There are a few things at play. First off, Shays is the only kind of Republican that can win in Connecticut: a moderate, small government conservative—no matter what the Shays-Meehan Bill (the Senate version was called McCain-Feingold) might imply. While the Democratic Party has shown in Rhode Island that it doesn't understand the idea that moderate Party members are better than moderate opposition, the Republicans still get that.

Furthermore, Diane Farrell (Shay's opponent in the most recent election) is a lunatic, whose only policy position is that our district shouldn't ever vote Republican. She attacks a Shays precisely because he's a member of the GOP—nevermind that on policy questions he often disagrees with the Party, all that matters is his affiliation. Before Farrell, the Dems in this district ran Stephanie Sanchez, who, I kid you not, used to be a registered Communist. In other words, this is correlated to the first point. Shays may not be an ideal Republican by national Party standards, but he's definitely an improvement over whomever might beat him.
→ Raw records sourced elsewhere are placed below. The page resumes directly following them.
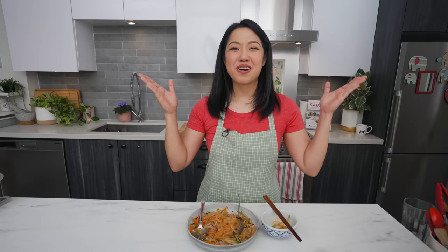The recipe as always will be on hotthaikitchen.com. A special thanks to all our Patreon supporters who support the show directly — if you want to know what that's all about and how you can get direct access to me in our private Discord group, check out the link in the description below. Thank you as always for watching, and I will see you next time.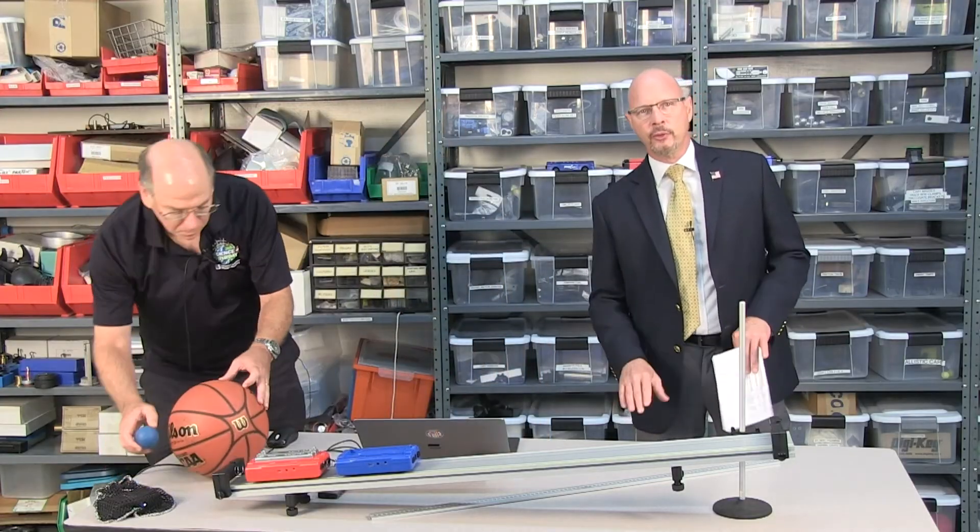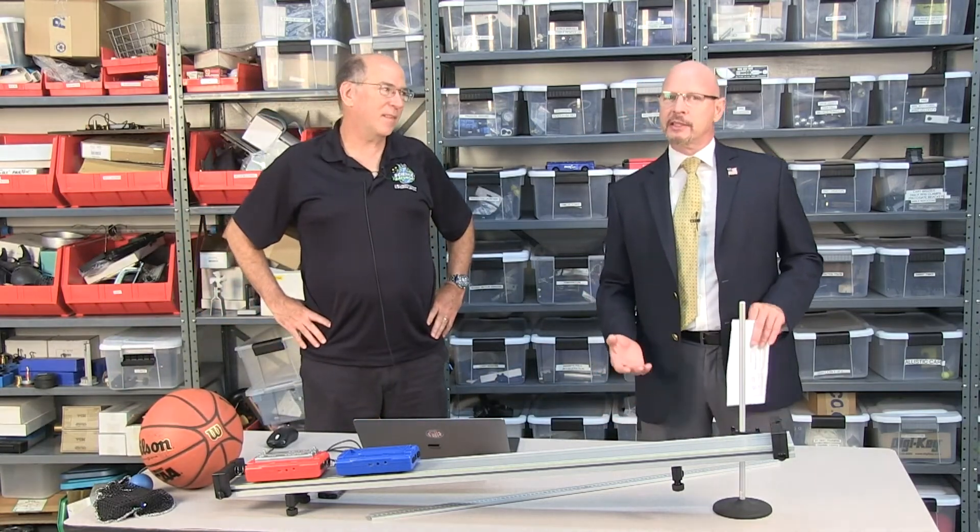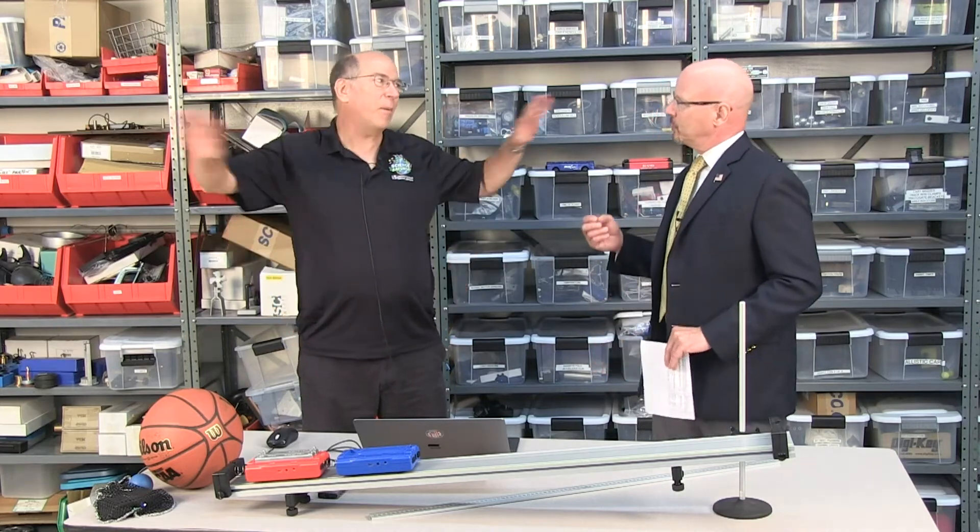We're going to demonstrate a supernova right here in our own little Pasco laboratory studio. To do that we bring back Dan Burns and his safety glasses — all of us are now wearing our welder's helmets — because we're going to be demonstrating a supernova. How are we going to do that, Dan?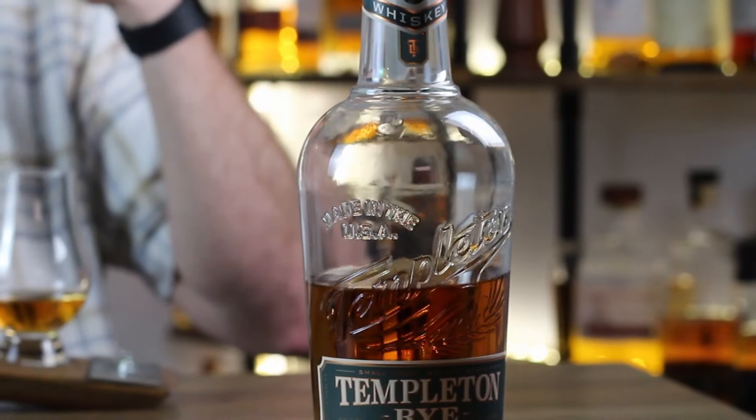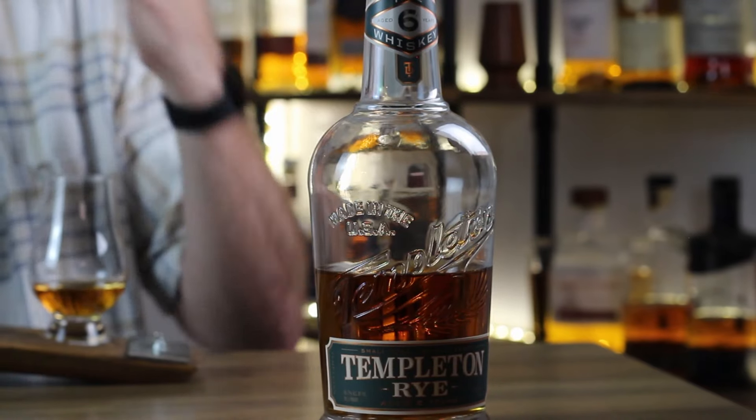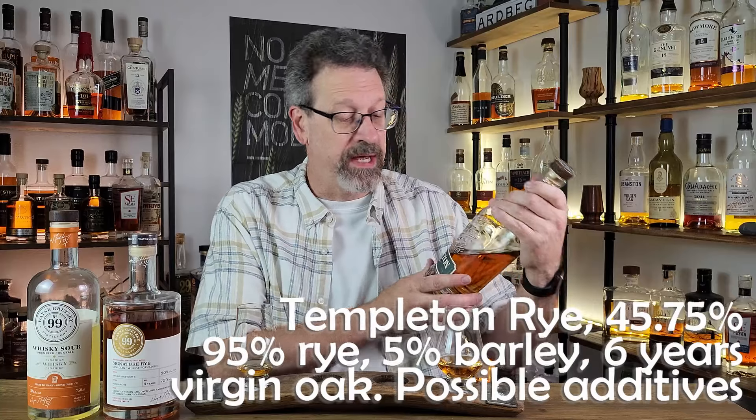I wanted to compare it — sometimes my palate will pick up notes even after tasting another thing. So I've got this Templeton Rye, it's been sitting on the shelf for a while. It's a six-year-old rye, 95.5% MGP rye — that means 95% rye, 5% malted barley. I think it's 45.75%. It does have an age stamp of six years, which is kind of why I wanted to compare it to this. Those are pretty close — five years, six years. It's all new oak. It's not a straight rye, and if you look at my previous review, there's an article mentioning they looked at adding some flavors, so there could be other things in this bottle beyond rye spirit and barley.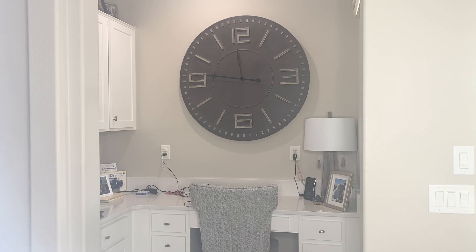So, if you are looking for a statement piece in your living room, bedroom, nook or great room, I highly recommend this clock.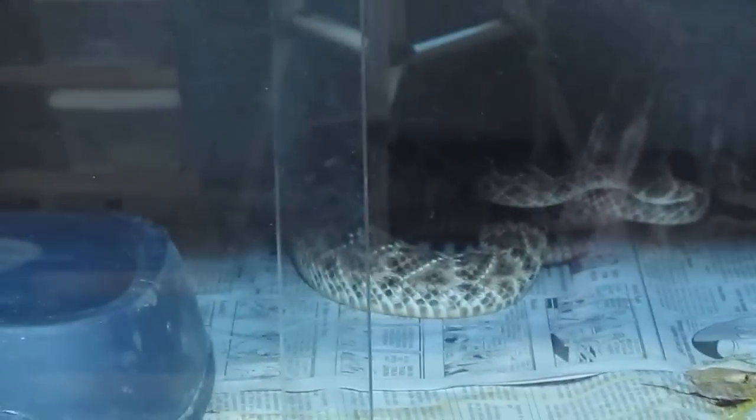Hi guys, I have a super special video for you tonight. A few years ago I picked up this beautiful pair of Aatrox that are both double het for the bubblegum gene. Up here is my male, down here is my beautiful female, and over the last 24 hours this little mama has finally given birth to her first clutch. Super psyched — last night she had one baby and now she's got a few more.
Finally, he's not Olympia Snowe, et al. He's not wishy-washy, sometimes going some ways, sometimes going others. Though he was shaky on the Clinton impeachment, he does posess very strong convictions. He knows what he believes in, and he sticks to it pretty well.

Bascially, Political Wire is setting up a false premise that Shays' criticism of his party leadership means he can't be considered a loyal party member.